Data shown:

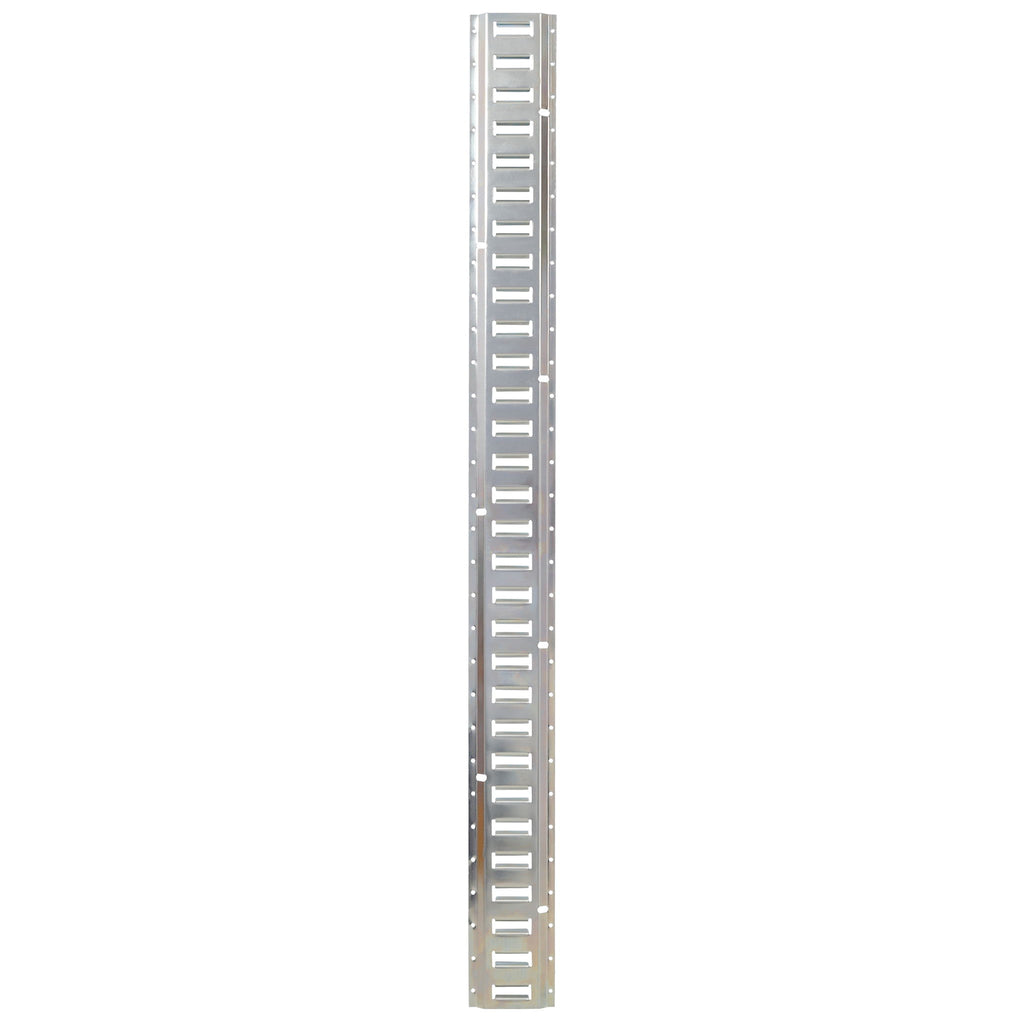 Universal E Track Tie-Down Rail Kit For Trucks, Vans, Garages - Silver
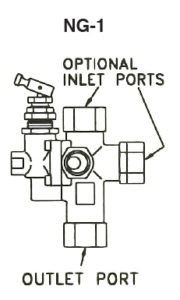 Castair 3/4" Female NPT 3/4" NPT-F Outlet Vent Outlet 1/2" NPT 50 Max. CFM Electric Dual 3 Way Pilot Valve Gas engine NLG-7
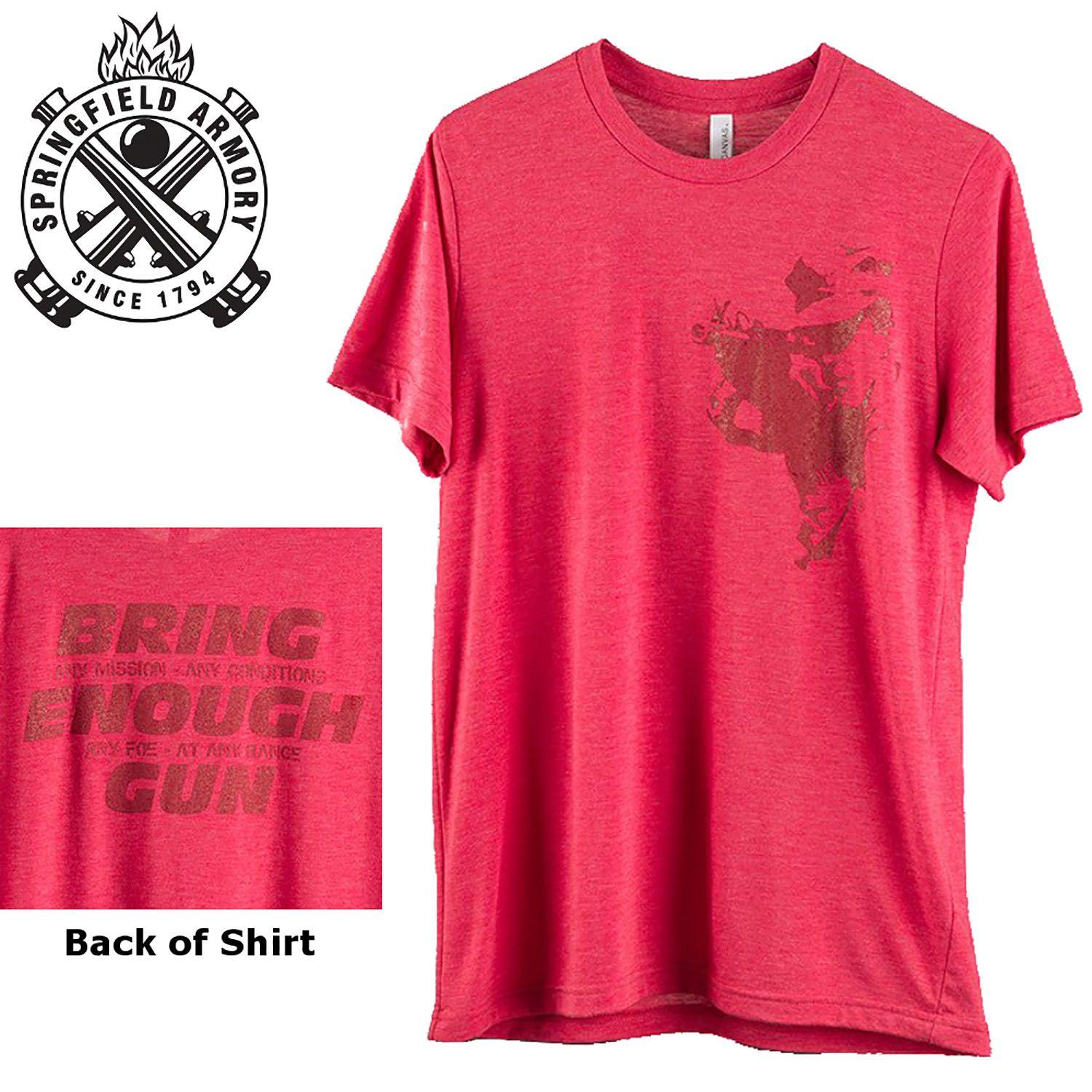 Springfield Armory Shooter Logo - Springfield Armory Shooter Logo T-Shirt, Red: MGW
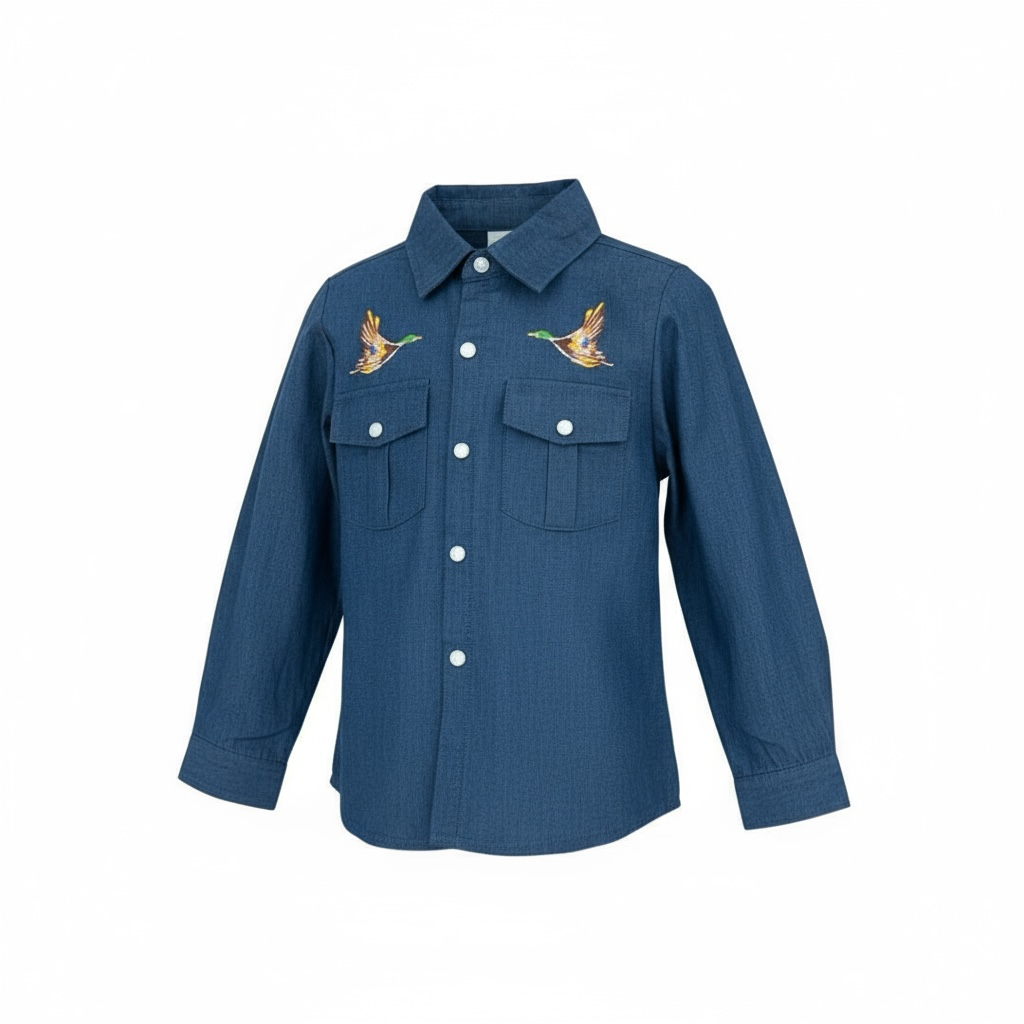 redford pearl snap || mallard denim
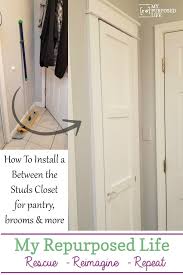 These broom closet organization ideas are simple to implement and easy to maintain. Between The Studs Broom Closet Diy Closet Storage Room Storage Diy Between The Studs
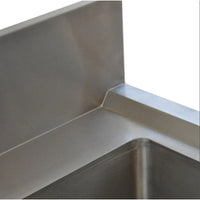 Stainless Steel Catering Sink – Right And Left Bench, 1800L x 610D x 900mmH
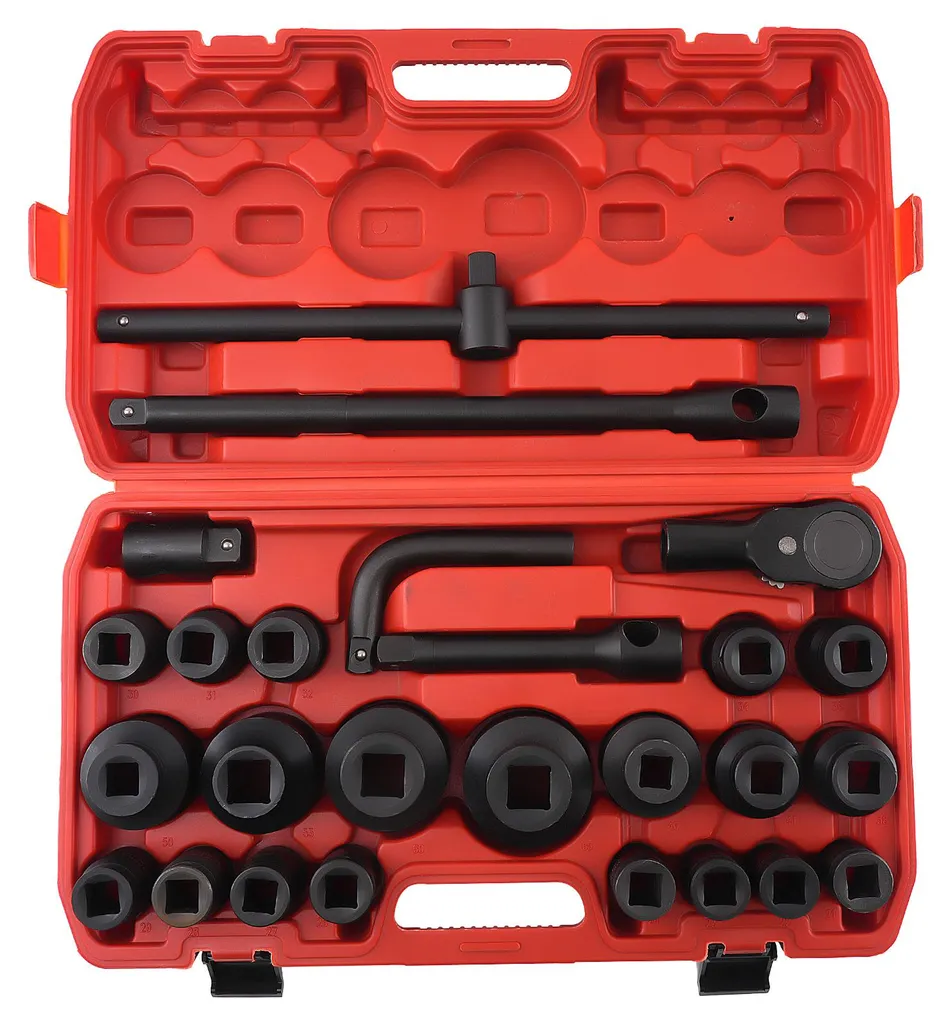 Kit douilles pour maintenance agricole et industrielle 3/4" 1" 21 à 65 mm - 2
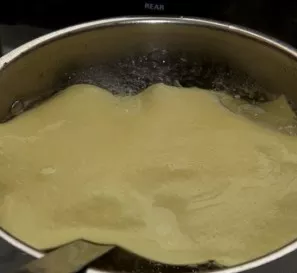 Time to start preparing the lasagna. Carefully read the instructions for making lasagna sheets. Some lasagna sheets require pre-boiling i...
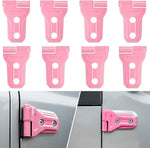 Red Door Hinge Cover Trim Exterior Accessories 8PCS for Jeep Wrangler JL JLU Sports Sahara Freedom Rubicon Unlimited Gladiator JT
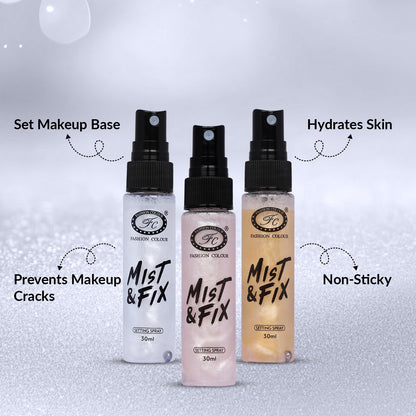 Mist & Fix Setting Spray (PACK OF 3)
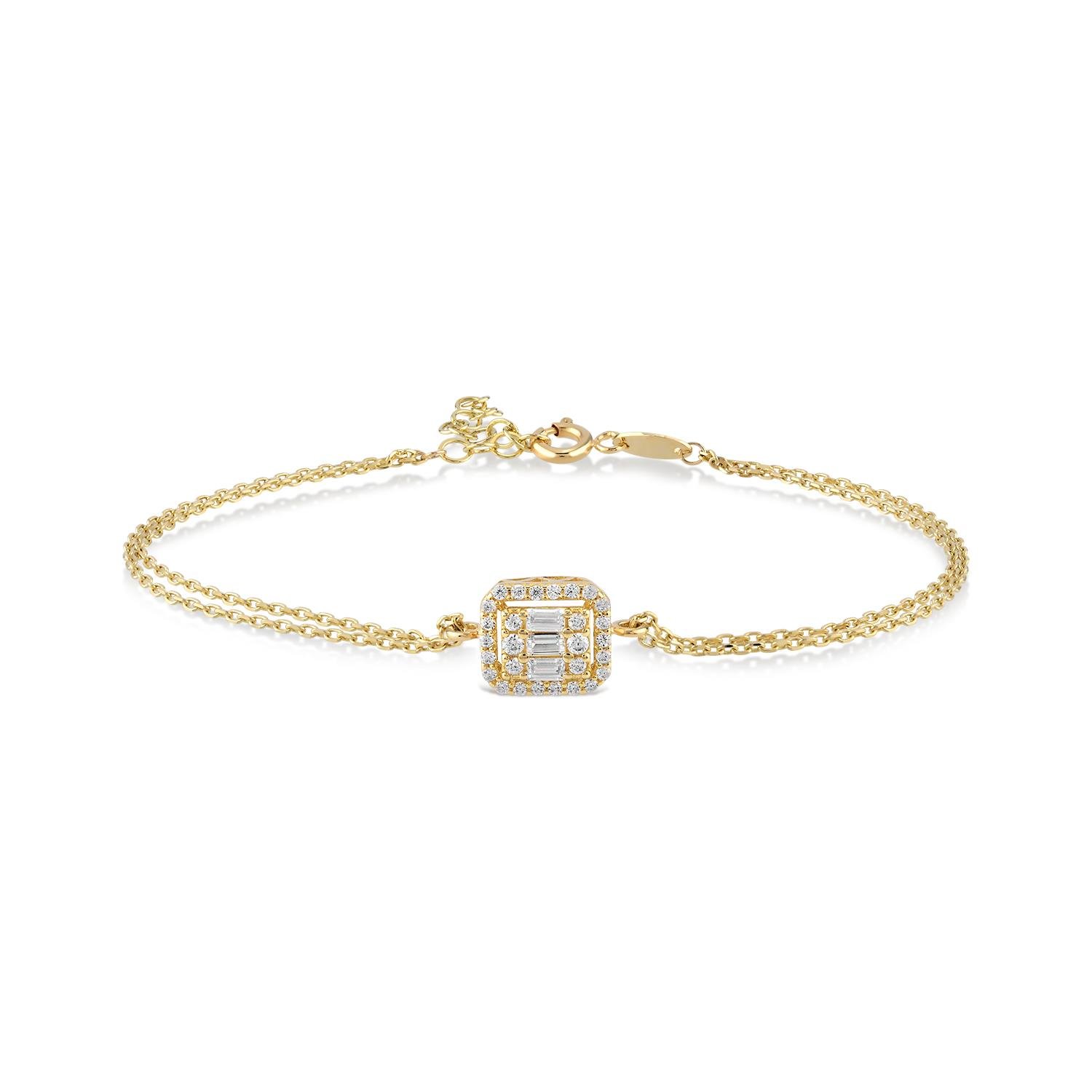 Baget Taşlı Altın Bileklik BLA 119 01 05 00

Required action: Nothing but the lines from the one holding "Mist & Fix Setting Spray (PACK OF 3)" through the last line of the entries should be written out, exactly and inclusively, minus the pictures.

Task response:
 Mist & Fix Setting Spray (PACK OF 3)
 Baget Taşlı Altın Bileklik BLA 119 01 05 00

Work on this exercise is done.